Examples include drag and drog GUI builders, pop up function declarations as you type a function name, syntax highlighting, a dialog box for editing a configuration file.
I'm wondering: could we design a programming language that affords visual programming? As with literate programming, functions and classes would have not just code but meta-information about the code. Where a literate program would have text documentation, a visual program would have hints for how to prompt for the parameters functions need and how to lay out sub-components when constructing "has-a" hierarchies.
This language could be programmed as text, visually, or a combination of both. The text of the program would fully define the visual representation, and the visual representation would fully define the text (including display of comments and such).
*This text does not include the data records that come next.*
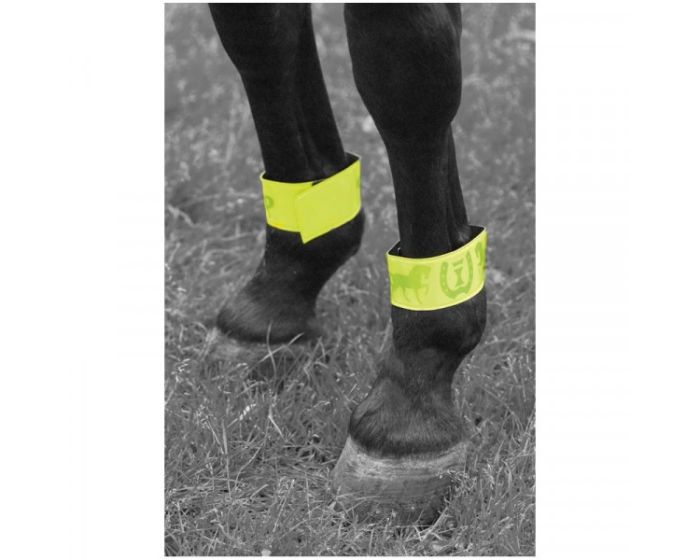 Fasce riflettenti con velcro Imperial Riding main product photo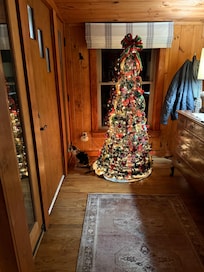 Beezer watching the rain.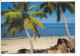 PK-CP Seychelles/Seychellen, Ungebraucht, Siehe Bilder! - *) - Seychellen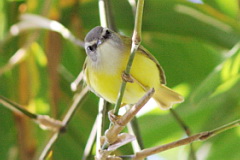 Yellow-bellied Warbler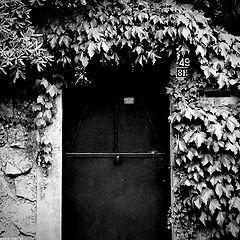 фото "on the road"
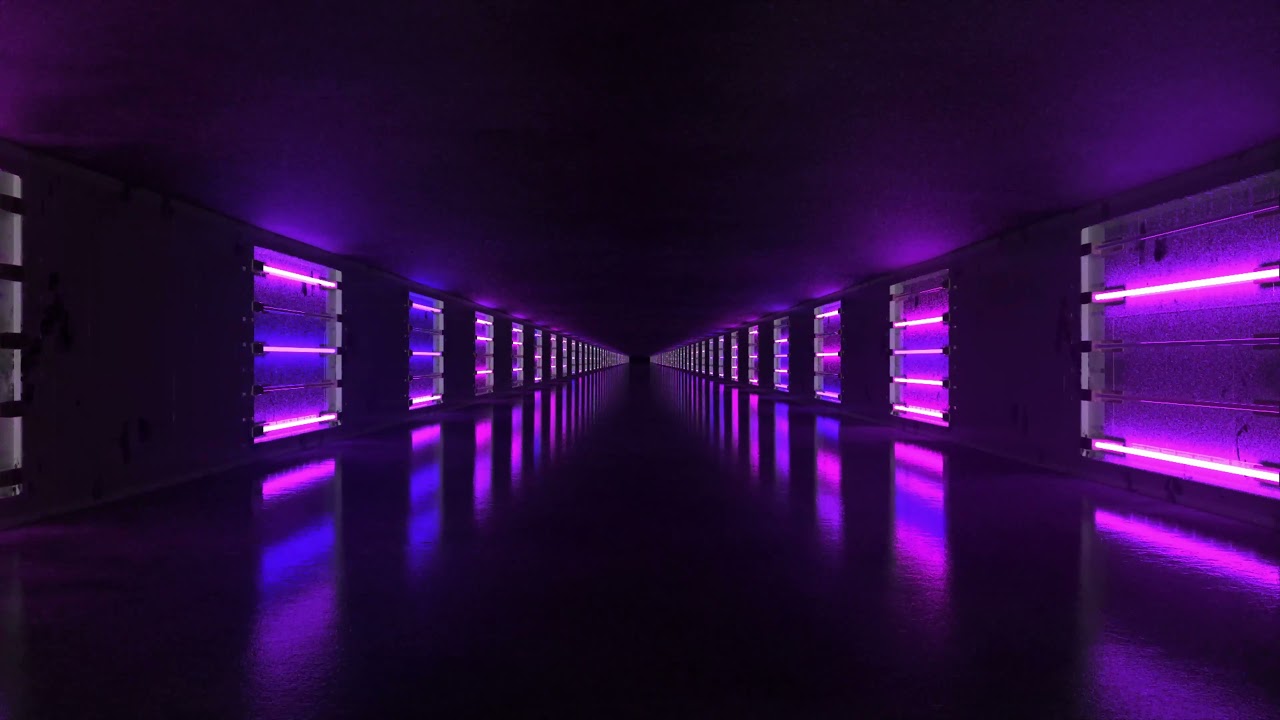 NEMESIS  -  Cerberus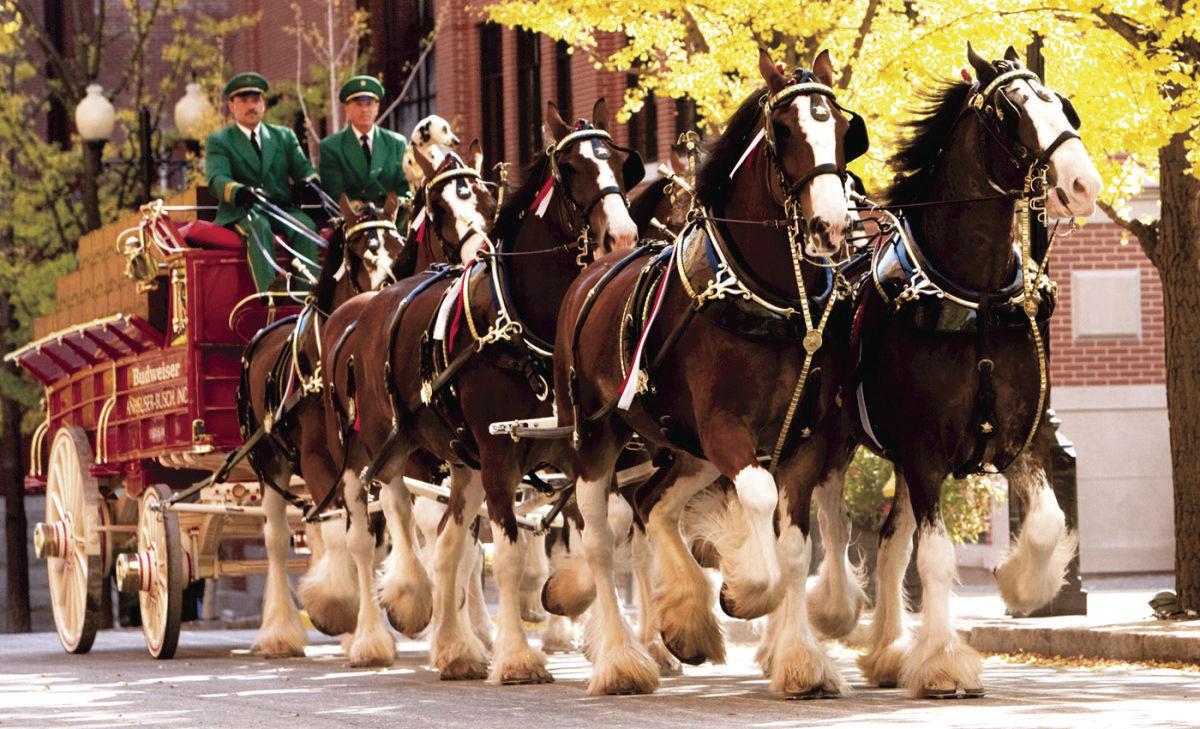 Budweiser Clydesdales to appear at Florence After Five Entertainment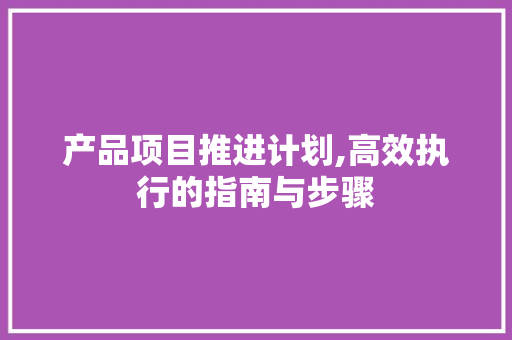 产品项目推进计划,高效执行的指南与步骤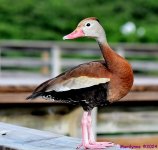 DSC_6488_001.JPG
An example where this would be useful: a sound or image editor. Sometimes you want to write new algorithms, other times you want to tweak parameters. Algorithms are best desribed in text (Lord save us from flow charts), parameters are best tweaked visually. To be able to flip between modes would allow a more useful editor than either mode on its own.
Another example: a shell that flips between command line and an iconic view of the current directory. Select some files -- flip -- type in a complex pipe sequence, but you're not sure of some of the parameters to one of the programs -- flip -- fill in a form that prompts for the available parameters, preview results, execute.